The Pain Suppressive Effect of Alternative Spinal Cord Stimulation Frequencies (HALO)

November 26, 2020 updated by: Jennifer Breel

The Pain Suppressive Effect of Low Frequency Spinal Cord Stimulation Versus High Frequency Spinal Cord Stimulation

Electrical stimulation of the spinal cord (Spinal Cord Stimulation or SCS) for pain relief has been used for decades. It is used most commonly in patients with chronic neuropathic leg pain, after spinal surgery. Conventional neurostimulation is applied in frequencies of 30 to 60 Hertz (Hz) and perceptible paraesthesias are felt. Stimulation using higher frequencies with sub perception paraesthesias has recently challenged the conventional form of neurostimulation.The high frequency stimulation appears to show better pain relief for both back and limb pain in comparison to low frequency SCS, and may also to be effective in some subjects who did not respond to low frequency SCS.

Study Overview

Detailed Description

Rationale:

Electrical stimulation of the dorsal columns of the spinal cord (Spinal Cord Stimulation or SCS) for pain relief has been used in humans for several decades. The most common indication for SCS is the treatment of refractory neuropathic leg pain, particularly when these symptoms persist after an anatomically successful operation (Failed Back Surgery Syndrome or FBSS).

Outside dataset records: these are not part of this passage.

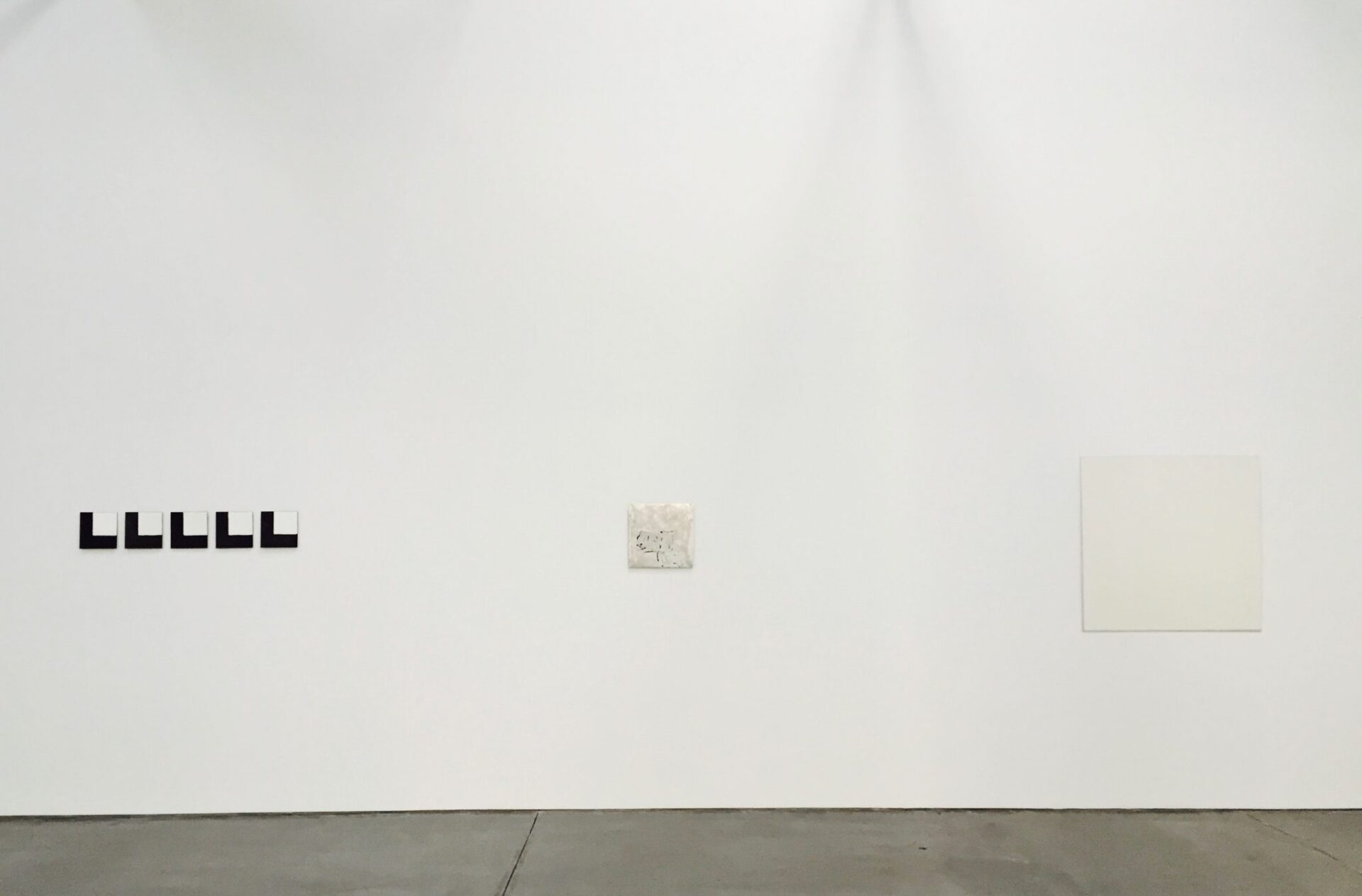 Robert Ryman. Gallery 2, installation view of the south wall. Ryman used manifold ways of distributing paint on a surface, including firing. The work on the left, Untitled, 1973, consists of double-baked vitreous enamel on oxidized copper. 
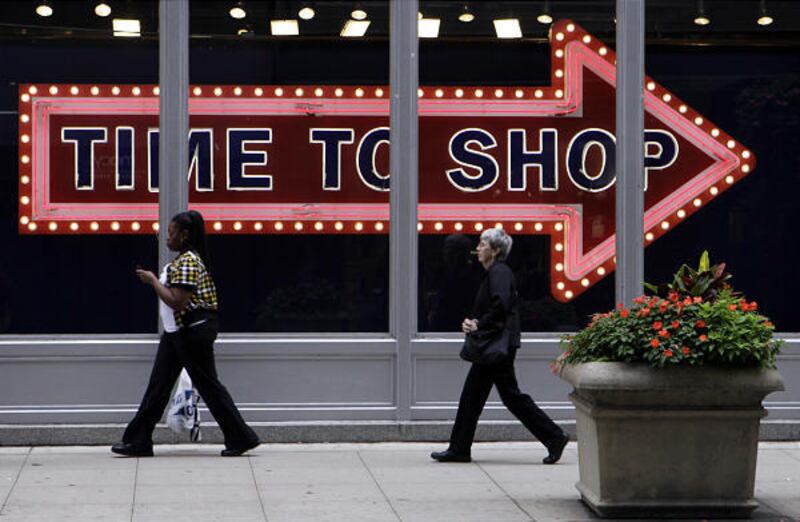 In this Sept. 21, 2009 photo, pedestrians walk by the window display at an Old Navy store in Monday, Sept. 21, 2009, in downtown Chicago. Consumers' confidence in the economy falls in September as Americans' worries about job security offset any enthusias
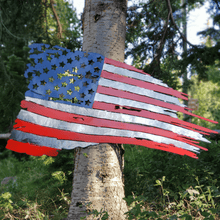 Load image into Gallery viewer, A photograph of a Tattered US Flag by the metal art manufacturer Kraken Design Co.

Low frequency - conventional - SCS (LF-SCS) is applied in frequencies ranging from 30 to 60 Hertz (Hz) and the subject feels paraesthesias in the painful area, which is considered the ideal situation. Recently, LF-SCS has been challenged by the development of stimulation modes at higher frequencies which provide pain relief at sub-perception threshold, i.e. without paraesthesias. A recent case series reported that High Frequency Spinal Cord Stimulation (HF-SCS) appears to show better pain relief for both back and limb pain in comparison to LF-SCS, and also to be effective in some subjects who did not respond to LF-SCS.

Objective:

The primary objective of this trial is to compare pain suppression in two groups of subjects with chronic unilateral limb pain as a result of FBSS .

Study design:

A prospective, double blind (subject, physician, statistician), multi-centre, randomized, crossover trial of SCS in the treatment of subjects with refractory neuropathic leg pain after back surgery.

Study population:

Patients with chronic neuropathic refractory unilateral leg pain

Intervention:

Patients will undergo neurostimulation with low and high frequency parameters, the order in which they receive treatment will be randomized

Main study endpoint:

Pain suppression in the short and long-term (24 days and 12 months)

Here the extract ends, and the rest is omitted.